Likewise, added Reynolds, "Depending on the introduction of a new service by the institution, traffic patterns may change from what they were yesterday to something different. If that new service offering hasn't been monitored, it becomes necessary for us put something in place to capture traffic, especially if it's going to impact overall network growth."

"For those areas on campus that may house personal, identifiable information, we need to ensure we have necessary safeguards in place to monitor any type of suspicious activity or attacks against holes that may exist in those networks, so we don't run the risk of security breach or compromise."

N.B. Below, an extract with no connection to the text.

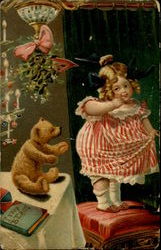 Teddy Bear Postcard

Should there be a compromise or data breach, said Huffman, "we'll have a record of exactly what happened and be able to recreate that and who may have gotten that data."

Looking to the Future
Huffman, who has been in IT for 15 years, said the technical support provided by Q1 is the best he's ever seen. "If I open up a support ticket online through their self-service portal, I usually have a response within 15 or 20 minutes. Usually the issue is corrected within the hour. I've noticed that 24 hours a day."

One request he made to the vendor was inspired by the recently passed Higher Education Reauthorization Act, which mandates that institutions have a plan to combat unauthorized distribution of copyrighted material, including peer to peer traffic. As the security administrator, Huffman can already be notified by e-mail when QRadar detects that kind of traffic crossing the network. He suggested to the company that it add a feature to automate the generation of an e-mail to the offender as well. "It knows the user name associated with that IP address," he said. "So send them an e-mail: 'We're not saying you're doing something wrong, but we are aware of the type of traffic you are producing, and, if you are doing something wrong, cut it out.'"

He could find out how successful the request is as early as the fourth quarter, when version 6.2 appears.

Even if it doesn't show up in the next release though, he's happy. "I would advise any university to have some type of product along the line of QRadar," Huffman said. "There's no way that a security staff can keep up with the sheer volume of events and traffic. You need something that can cut down and actually allow you to see the highest magnitude offenses rather than having to do the hit-or-miss find-the-needle-in-a-haystack deal."